▸ Exercise instructions: Quote every line of the data below as it stands, omitting pictures.

── Provided records ──

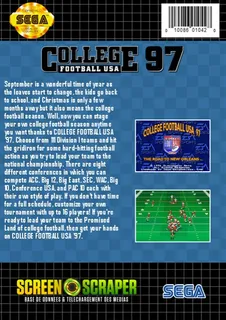 College Football USA 97 dos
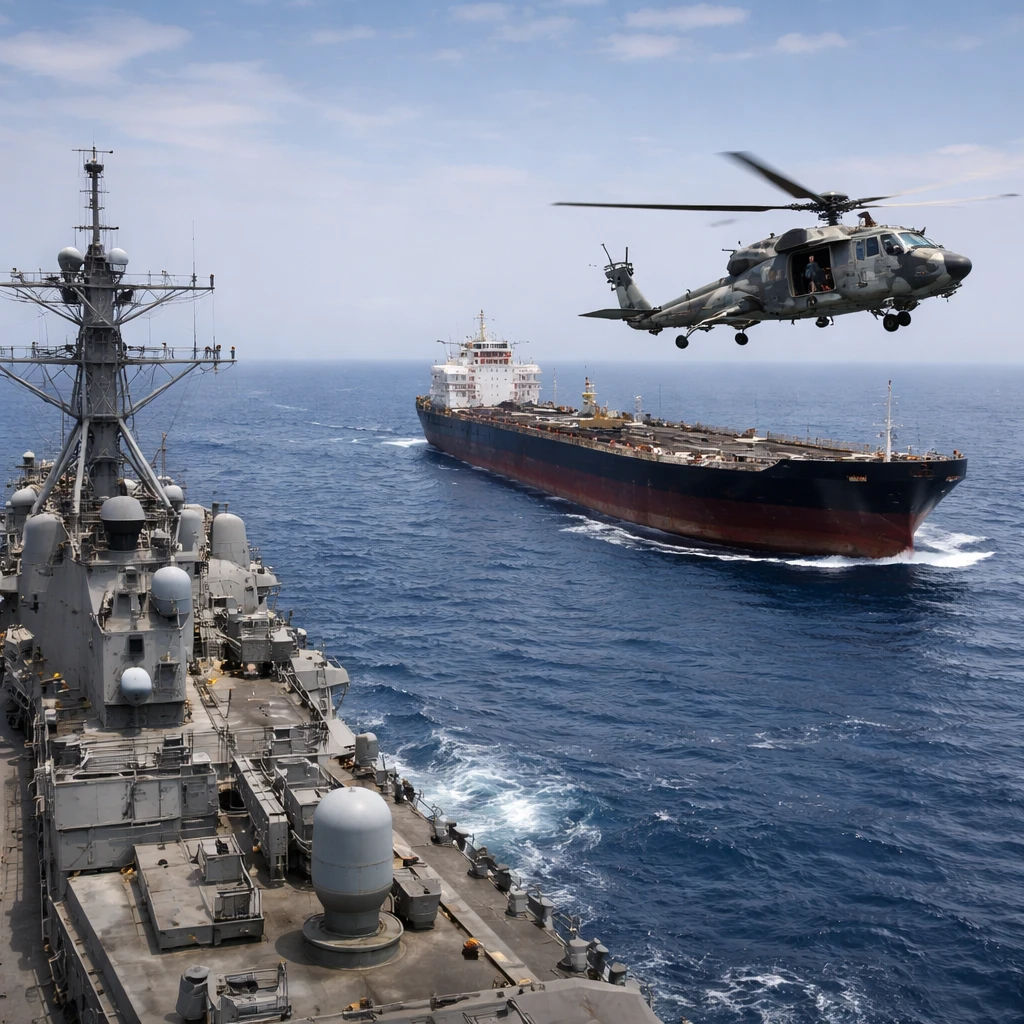 U.S. Forces Intercept Sanctioned Tanker in Arabian Sea, Directs Vessel Back to Iran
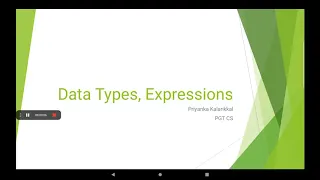 Class XI - Data Types Expressions Mutable Immutable values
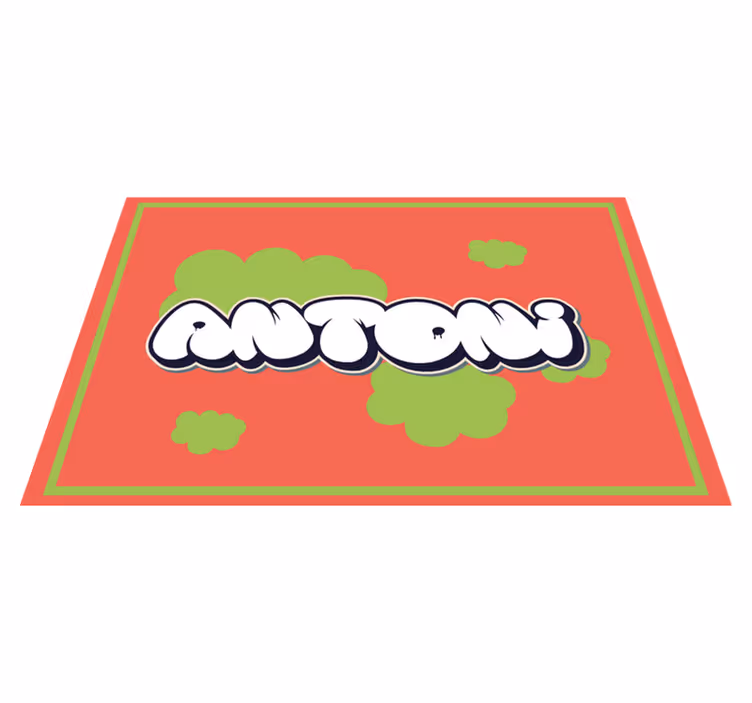 Tovaglietta americana con nome divertente personalizzato - TenStickers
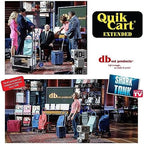dbest Products Quik Cart Extended Collapsible Rolling Crate - Gray & Black - Image 5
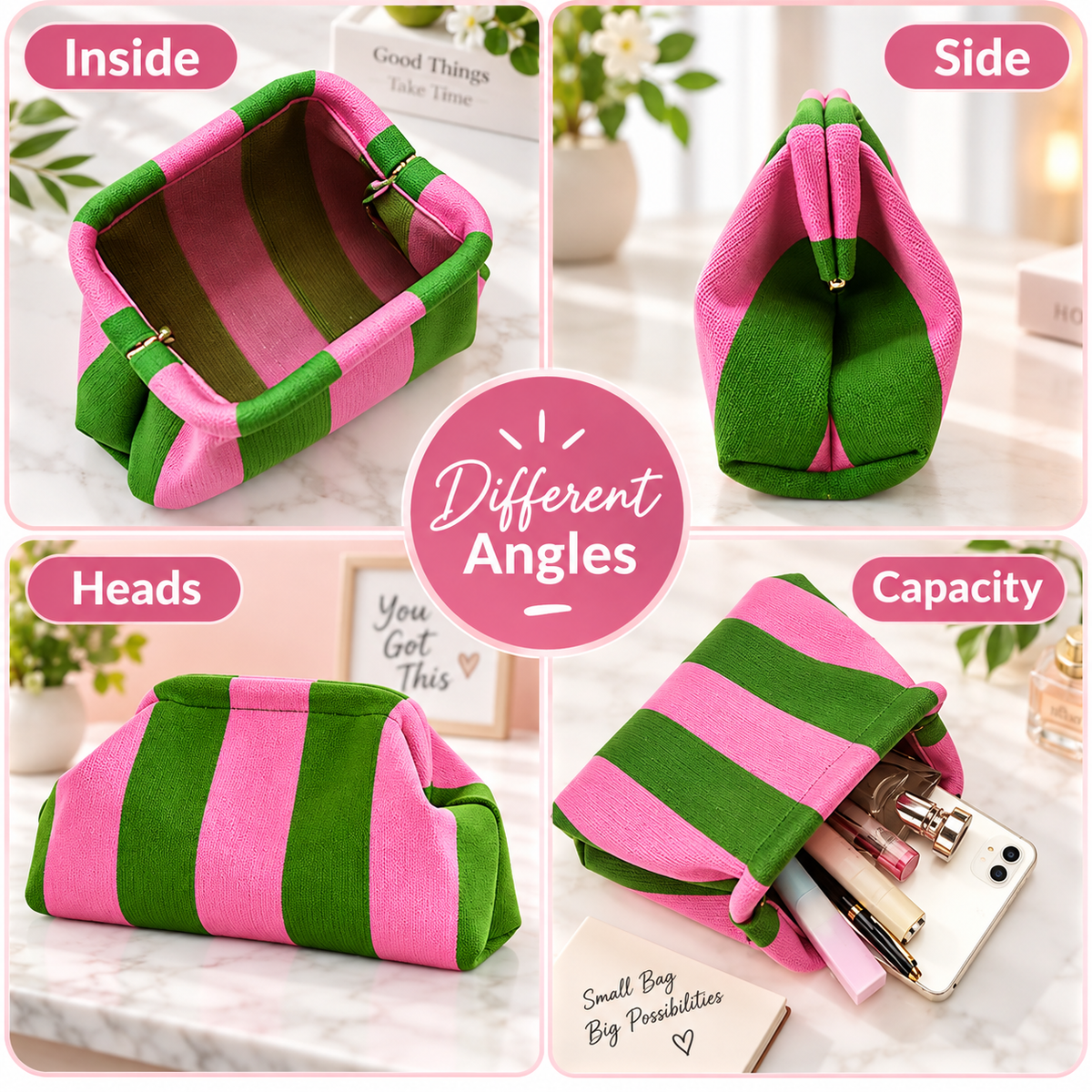 Women's Cloud Handbag Clip Closure Crossbody Bag - Lightweight Foldable for Daily Use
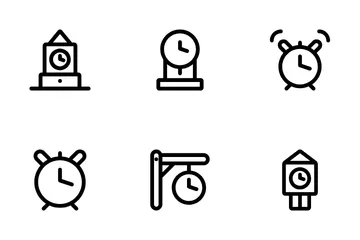 Clock Icon Pack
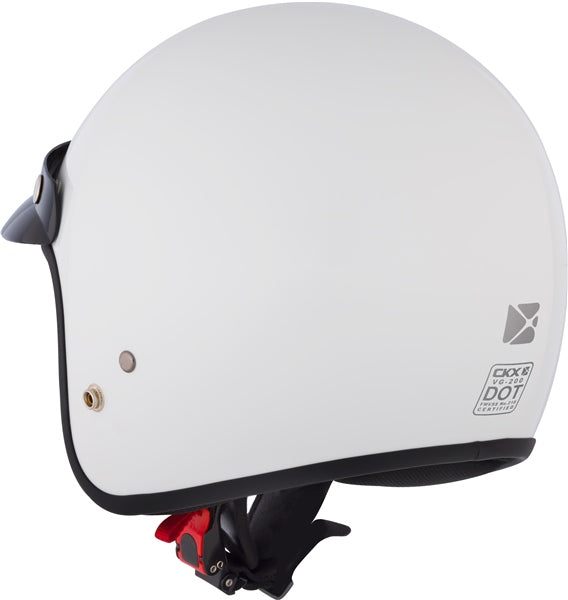 CKX VG200 Open-Face Helmet Solid White 2XS - Driven Powersports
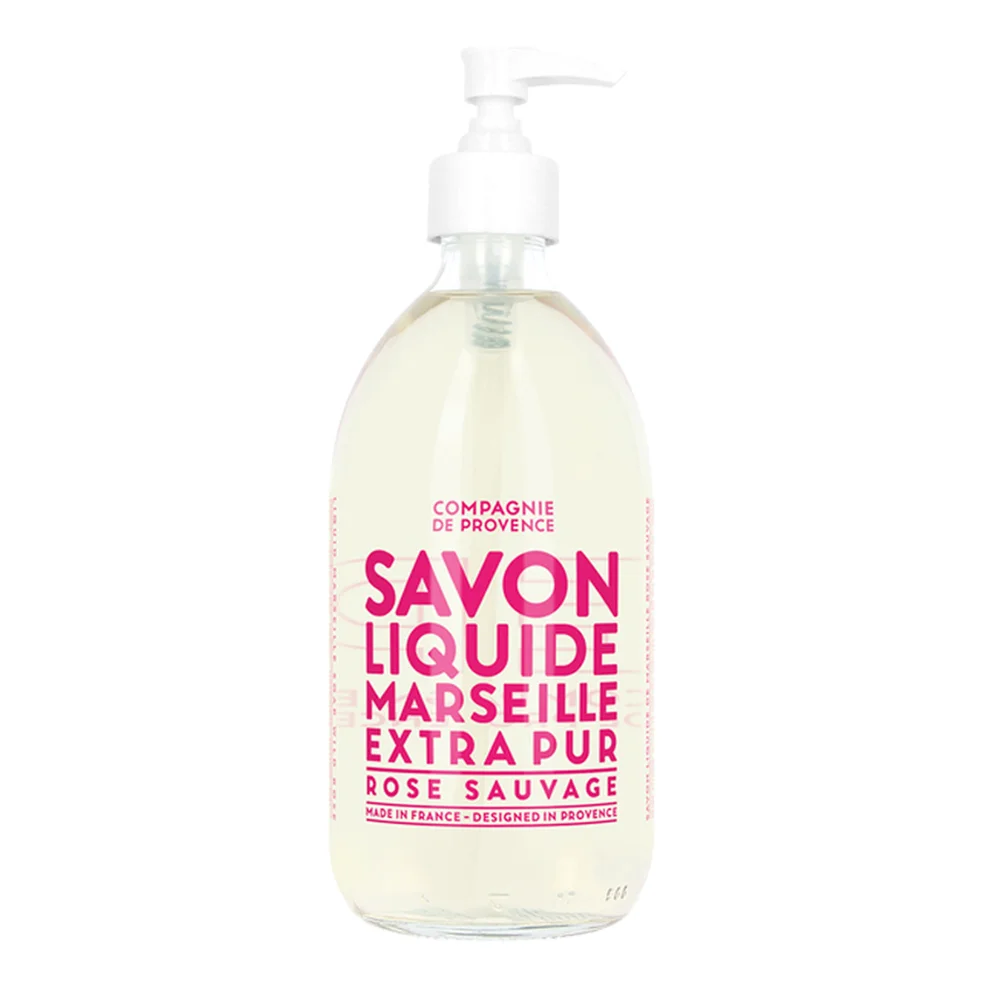 Liquid Marseille Soap Wild Rose 500 ml - COMPAGNIE DE PROVENCE v:3604285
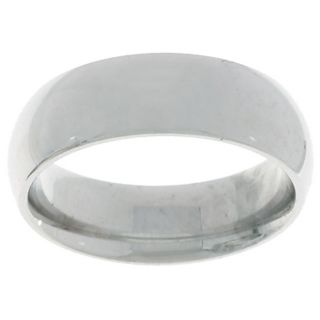 10k White Gold Mens Comfort Fit 6 mm Wedding Band Today $338.99 4.4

───

▸ Response to the task:
 College Football USA 97 dos
 U.S. Forces Intercept Sanctioned Tanker in Arabian Sea, Directs Vessel Back to Iran
 Class XI - Data Types Expressions Mutable Immutable values
 Tovaglietta americana con nome divertente personalizzato - TenStickers
dbest Products Quik Cart Extended Collapsible Rolling Crate - Gray & Black - Image 5
 Women's Cloud Handbag Clip Closure Crossbody Bag - Lightweight Foldable for Daily Use
 Clock Icon Pack
 CKX VG200 Open-Face Helmet Solid White 2XS - Driven Powersports
 Liquid Marseille Soap Wild Rose 500 ml - COMPAGNIE DE PROVENCE v:3604285
 10k White Gold Mens Comfort Fit 6 mm Wedding Band Today $338.99 4.4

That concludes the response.